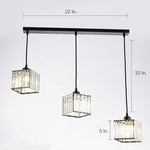 Vintage Lantern Square Pendant Light Metal Crystal Contemporary Ceiling Light - Lamp Outdoor
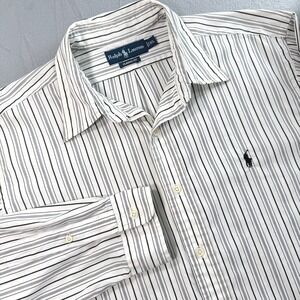 Ralph Lauren Button Down Shirt Mens XL White Black Striped Classic Fit Office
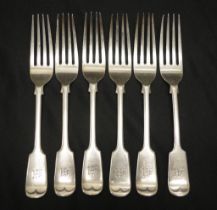 Set six Edward VII sterling silver dinner forks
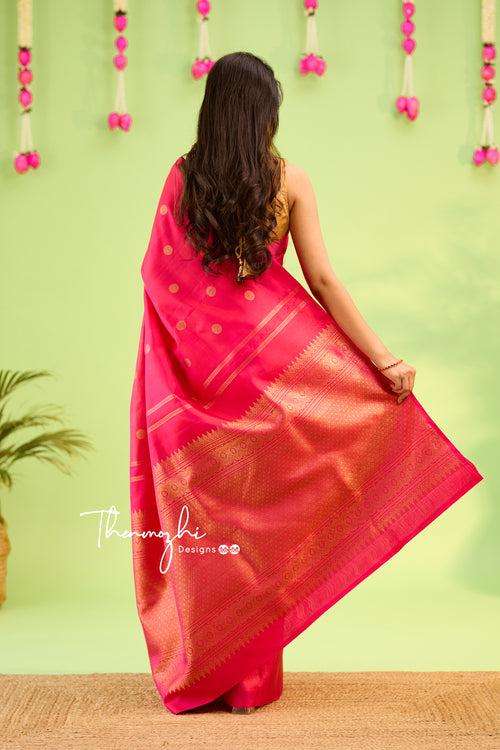 Rick Pink Pure Silk Kanjivaram Saree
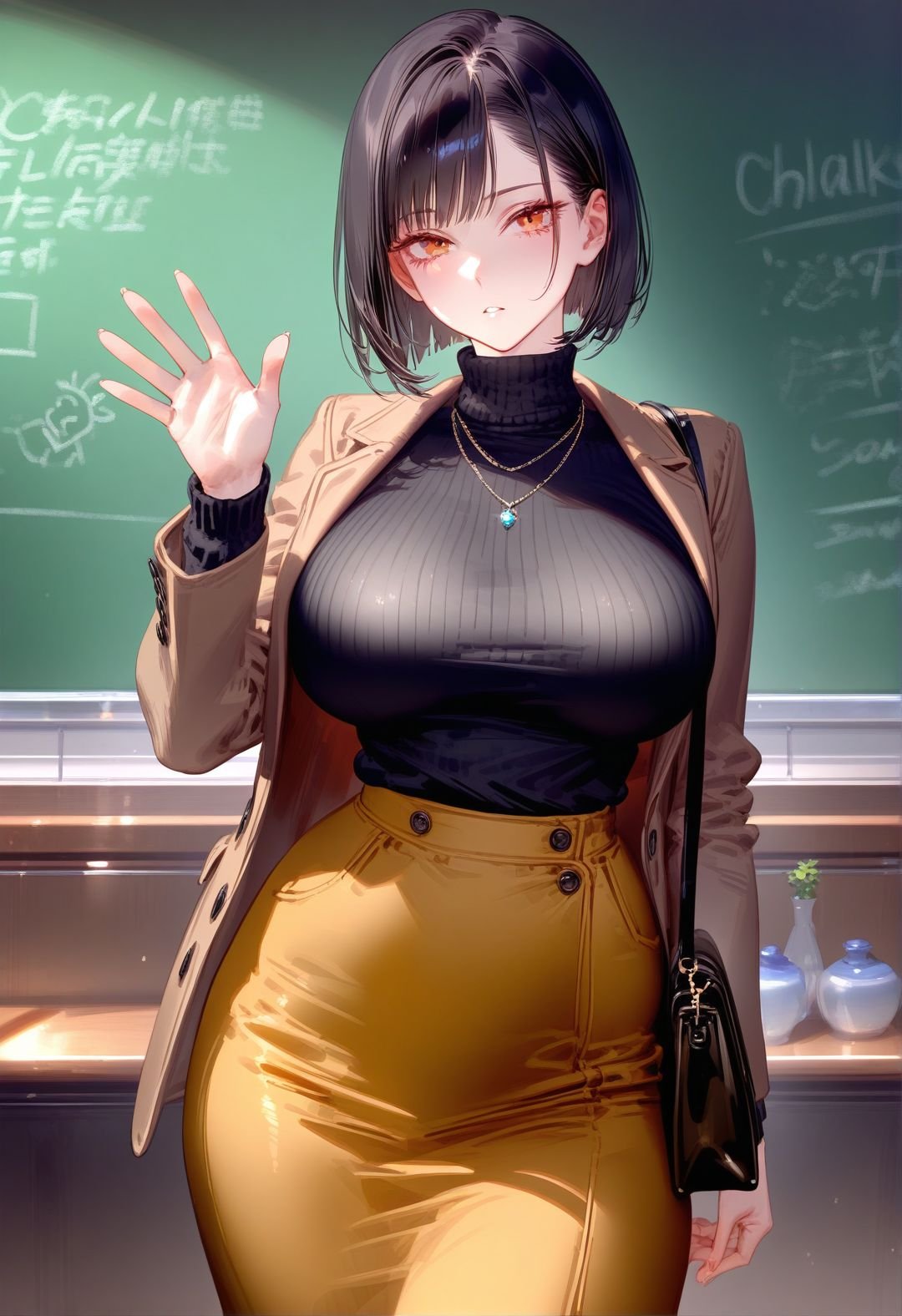 masterpiece, best quality,  <lora:RAR 0.4v:1>,RAR, curvy, curves, curvy body, 1girl, breasts, skirt, solo, black hair, bag, short hair, necklace, jewelry, sweater, jacket, turtleneck, arm behind back, large breasts, chalkboard, black sweater, turtleneck sweater, waving, looking at viewer, handbag, brown eyes, open clothes, open jacket, long sleeves, red eyes, brown jacket, long skirt, high-waist skirt, brown skirt, shoulder bag, shirt, black shirt, shirt tucked in, parted lips, yellow skirt, hand up, standing, expressionless, bob cut, indoors, motherly,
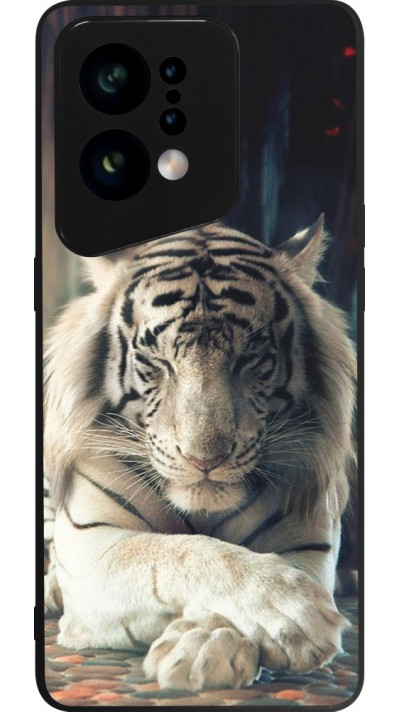 Coque OPPO Find X5 - Silicone rigide noir Zen Tiger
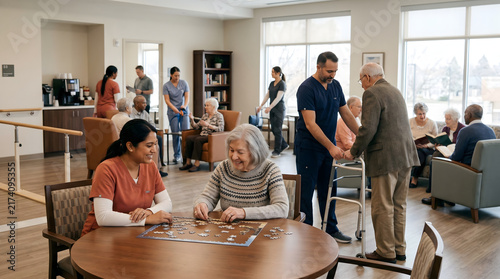 Caring nurses and caregivers supporting elderly residents in a bright assisted living facility, playing puzzles, using walkers, and socializing in a comfortable retirement home community.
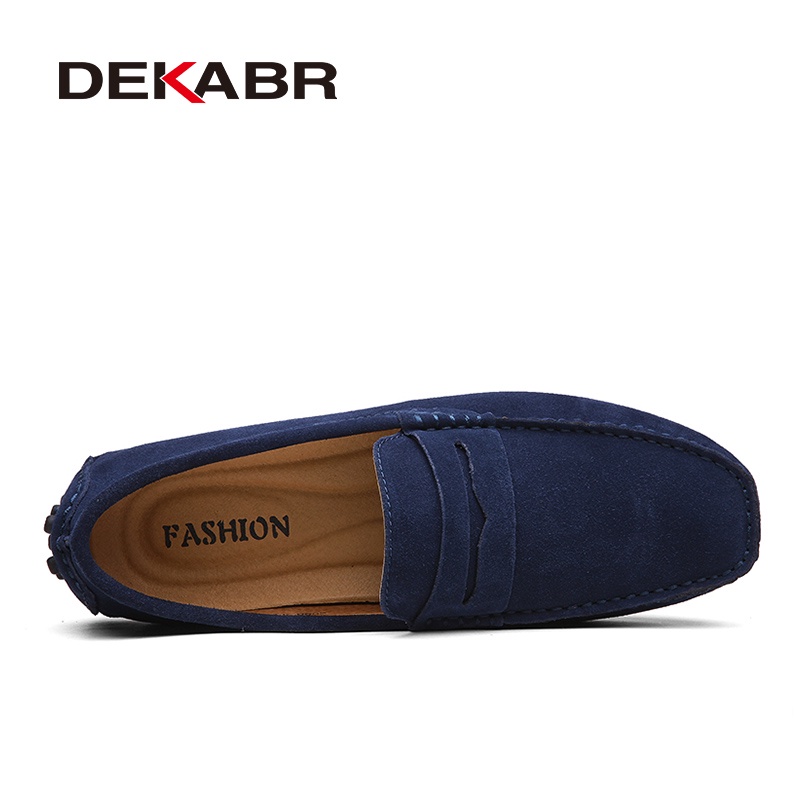Dekabr รองเท้าโลฟเฟอร์ลําลอง หนังวัวแท้ ส้นเตี้ย สลิปออน แฟชั่นสําหรับผู้ชาย ไซซ์ 49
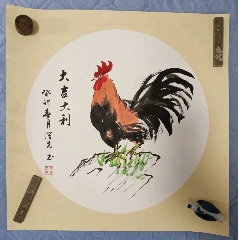 50*50手繪陳耀光原作公雞畫(au33777099)_永和堂雜項(xiàng)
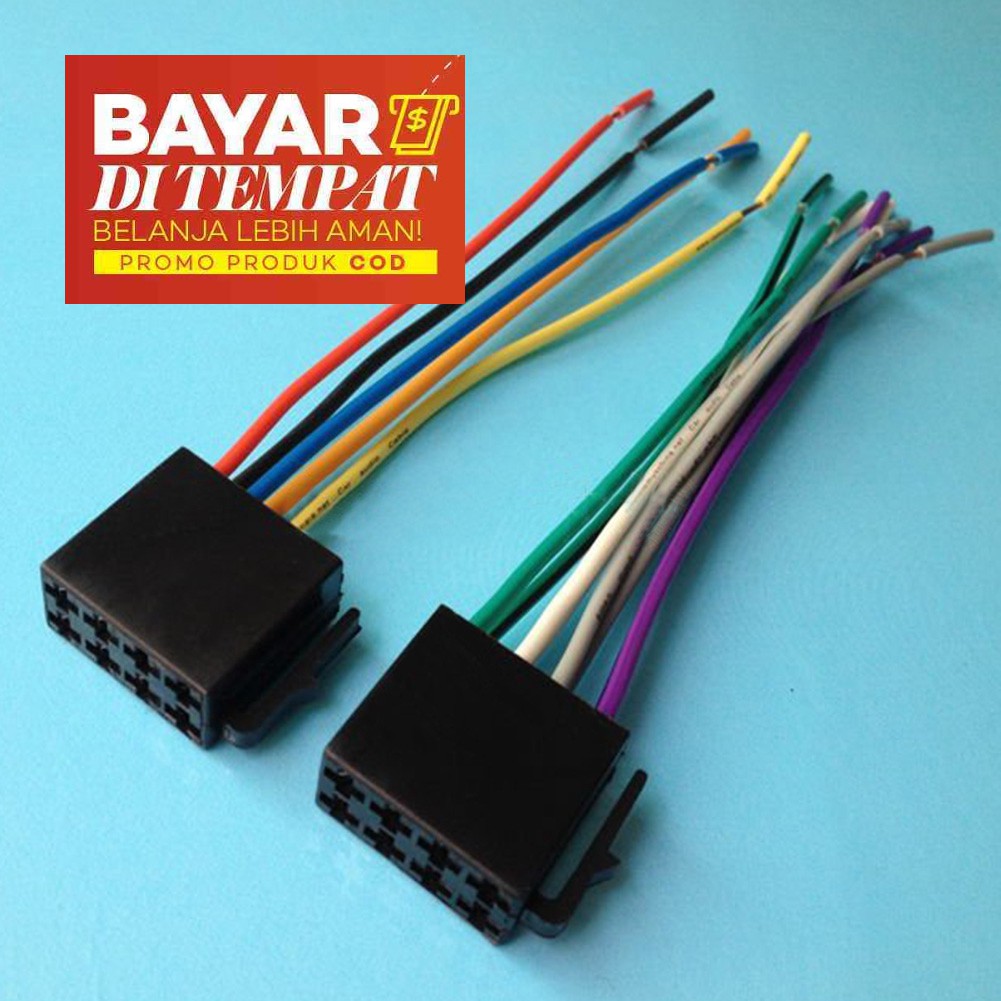 2 Pieces Car Tape Head Unit Cable ISO Socket can be used for Single DIN ...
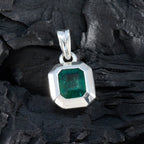 Emerald Dainty Egyptian 92.5 Silver Solitaire Zoey propsel Green Pendant Jewellery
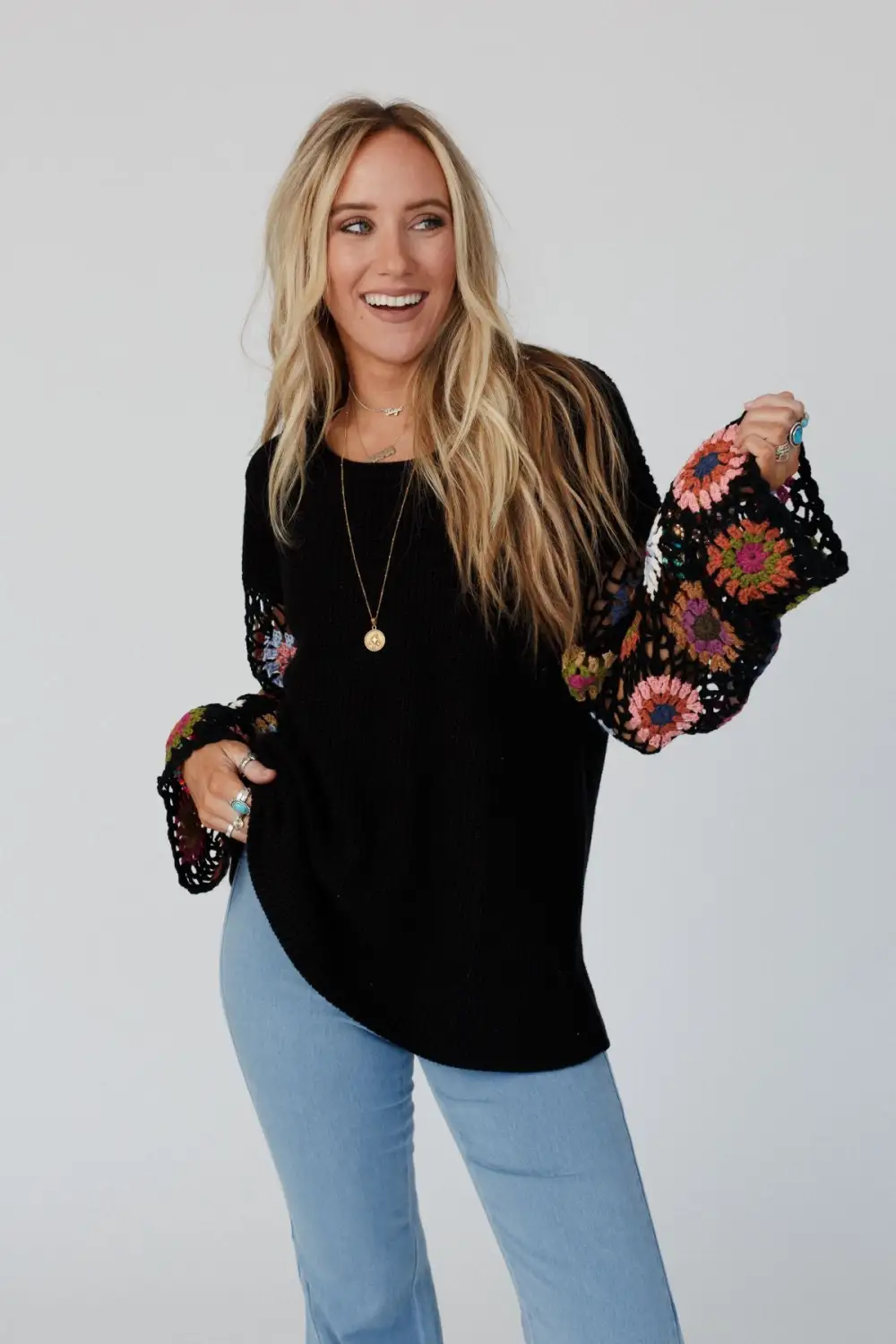 Soft Petals Crochet Sweater Top - Black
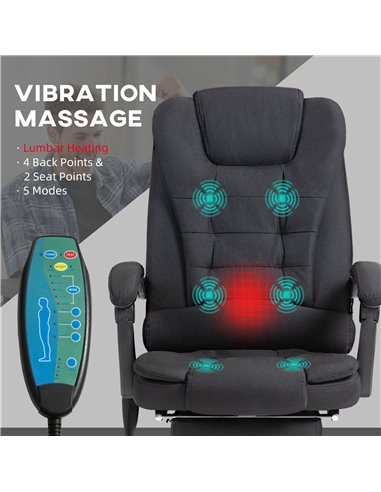 Vinsetto 6-Points Executive Office Chair, Ergonomic Heated Vibration Massage Office Chair, Desk Chair w/ Reclining Back, Footres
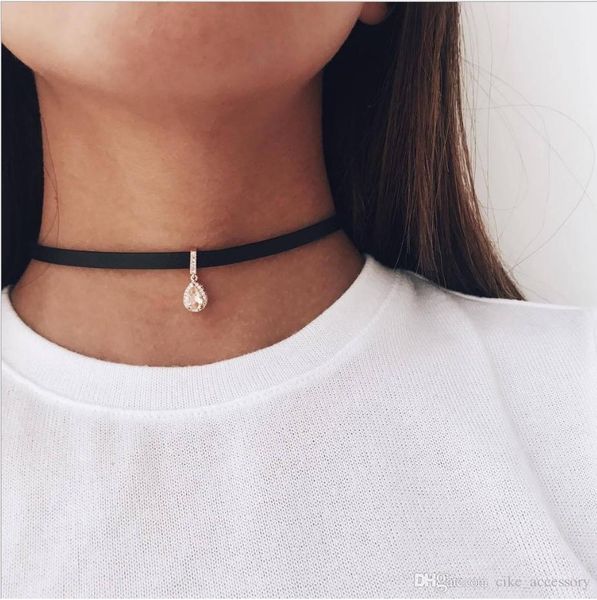 

2019 fashion necklace water-drop with imitation diamond accessory gold plated black pu leather belt choker woman gift, Golden;silver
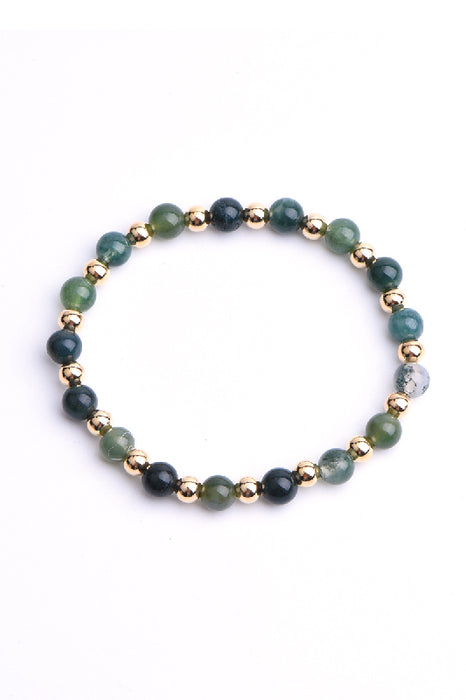 Bracelet 6mm moss agate, 18 cm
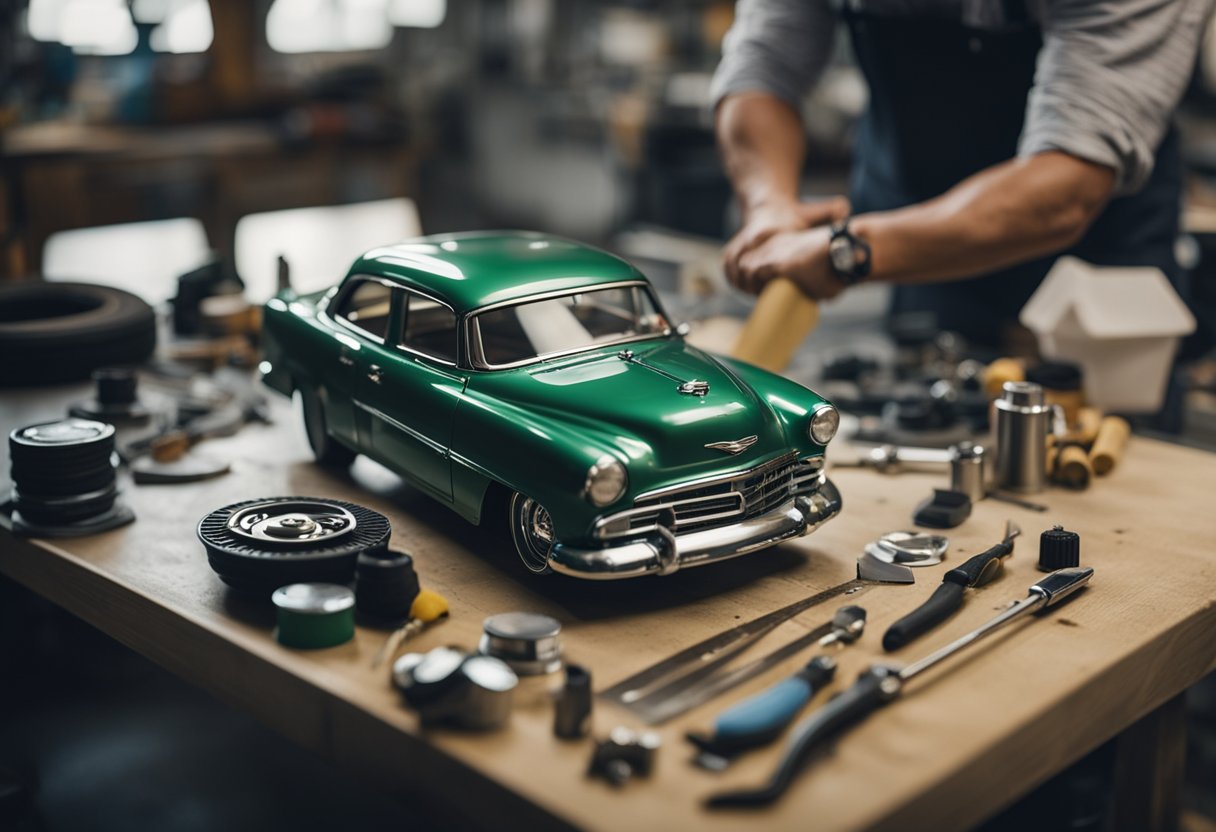 A person customizing their car with budget-friendly options. Tools and materials scattered around a small, cluttered garage. A car being painted or modified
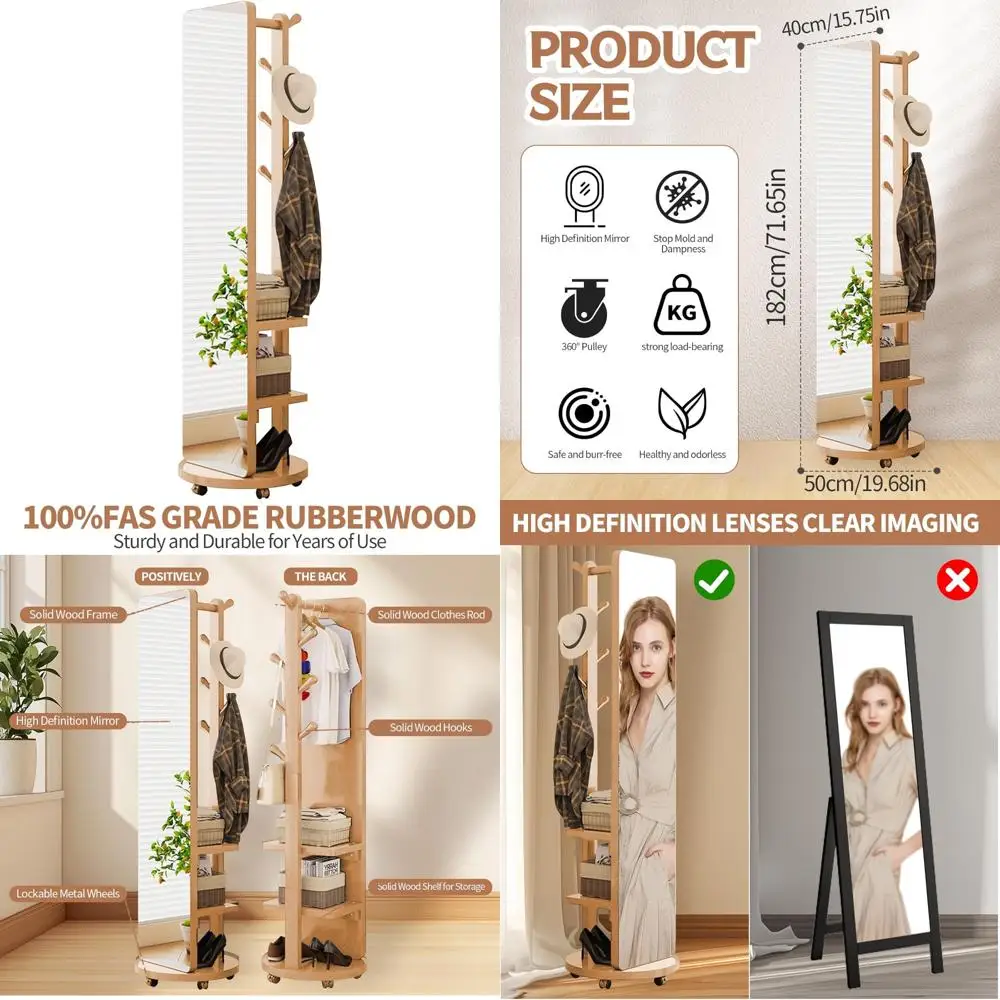 Bodenspiegel aus massivem Holz in voller Länge mit Ablageflächen und Garderobe – übergroßer Körperspiegel für Zuhause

+ + + + + + +

Copy the lines starting at the line that contains "Soft Petals Crochet Sweater Top - Black" and running to the final line of the entries, inclusive; omit all pictures.

 Soft Petals Crochet Sweater Top - Black
 Vinsetto 6-Points Executive Office Chair, Ergonomic Heated Vibration Massage Office Chair, Desk Chair w/ Reclining Back, Footres

2019 fashion necklace water-drop with imitation diamond accessory gold plated black pu leather belt choker woman gift, Golden;silver
 Bracelet 6mm moss agate, 18 cm
 A person customizing their car with budget-friendly options. Tools and materials scattered around a small, cluttered garage. A car being painted or modified
 Bodenspiegel aus massivem Holz in voller Länge mit Ablageflächen und Garderobe – übergroßer Körperspiegel für Zuhause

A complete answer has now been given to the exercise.